Avinoach I, Robinson C R, Avinoah E, Peiser J
Institute of Pathology, Soroka Medical Centre, Faculty of Health Sciences, Ben-Gurion University of the Negev, Beer-Sheva, Israel.
Histopathology. 1989 Aug;15(2):195-6. doi: 10.1111/j.1365-2559.1989.tb03067.x.

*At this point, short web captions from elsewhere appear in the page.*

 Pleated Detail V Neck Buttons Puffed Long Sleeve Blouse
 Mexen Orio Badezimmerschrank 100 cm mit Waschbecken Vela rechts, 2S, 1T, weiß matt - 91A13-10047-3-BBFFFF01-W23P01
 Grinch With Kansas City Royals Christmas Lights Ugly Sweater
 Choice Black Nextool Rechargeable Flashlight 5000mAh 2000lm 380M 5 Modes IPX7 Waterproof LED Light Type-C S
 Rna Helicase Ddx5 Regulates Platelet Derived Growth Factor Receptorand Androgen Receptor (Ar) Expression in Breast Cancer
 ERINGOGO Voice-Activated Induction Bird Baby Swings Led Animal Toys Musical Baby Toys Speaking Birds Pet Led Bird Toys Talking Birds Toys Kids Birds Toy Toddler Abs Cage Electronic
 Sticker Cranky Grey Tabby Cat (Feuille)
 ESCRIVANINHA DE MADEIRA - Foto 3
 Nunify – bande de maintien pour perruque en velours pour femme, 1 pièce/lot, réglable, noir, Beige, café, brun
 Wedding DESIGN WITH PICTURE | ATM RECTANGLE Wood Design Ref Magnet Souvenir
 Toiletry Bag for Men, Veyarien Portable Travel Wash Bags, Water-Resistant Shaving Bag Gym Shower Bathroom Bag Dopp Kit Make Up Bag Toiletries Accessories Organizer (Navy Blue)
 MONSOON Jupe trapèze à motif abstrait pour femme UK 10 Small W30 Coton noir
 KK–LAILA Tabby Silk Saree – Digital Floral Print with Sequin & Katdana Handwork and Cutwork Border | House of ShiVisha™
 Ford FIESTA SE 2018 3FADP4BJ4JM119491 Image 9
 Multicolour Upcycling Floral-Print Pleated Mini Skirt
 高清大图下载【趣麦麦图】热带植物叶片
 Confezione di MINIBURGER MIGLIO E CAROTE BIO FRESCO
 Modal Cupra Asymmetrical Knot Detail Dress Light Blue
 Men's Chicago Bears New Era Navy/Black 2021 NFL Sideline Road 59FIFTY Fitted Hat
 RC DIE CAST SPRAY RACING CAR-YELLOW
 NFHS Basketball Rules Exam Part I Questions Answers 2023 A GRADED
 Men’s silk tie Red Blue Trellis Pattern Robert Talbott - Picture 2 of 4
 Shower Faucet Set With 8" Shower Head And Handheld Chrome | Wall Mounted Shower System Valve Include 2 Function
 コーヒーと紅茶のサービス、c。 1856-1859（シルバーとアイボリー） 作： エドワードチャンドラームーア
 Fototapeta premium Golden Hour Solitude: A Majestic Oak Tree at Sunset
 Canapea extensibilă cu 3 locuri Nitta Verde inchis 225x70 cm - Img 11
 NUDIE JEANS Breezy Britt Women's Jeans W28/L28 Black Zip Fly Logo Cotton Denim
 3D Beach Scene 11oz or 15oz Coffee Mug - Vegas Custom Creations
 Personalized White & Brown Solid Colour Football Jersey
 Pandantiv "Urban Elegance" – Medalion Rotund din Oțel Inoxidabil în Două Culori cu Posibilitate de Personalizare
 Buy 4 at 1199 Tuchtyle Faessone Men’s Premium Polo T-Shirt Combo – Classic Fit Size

We report a case of an adrenal lipoma, a very rare lesion first described in 1899 and of which a total of six cases have previously been reported (Lange 1966, Page, De Lellis & Hough 1986). Five of these cases were found incidentally at post mortem. In one case an acute hypertensive episode intra-operatively simulated the signs of phaeochromocytoma and contributed directly to the patient's death (Lange 1966). Intra-operative hypertension also occurred in our patient.
我们报告一例肾上腺脂肪瘤,这是一种非常罕见的病变,于1899年首次被描述,此前总共报告过6例(兰格,1966年;佩奇、德莱利斯和霍夫,1986年)。其中5例是在尸检时偶然发现的。在1例中,术中急性高血压发作模拟了嗜铬细胞瘤的症状,直接导致了患者死亡(兰格,1966年)。我们的患者术中也出现了高血压。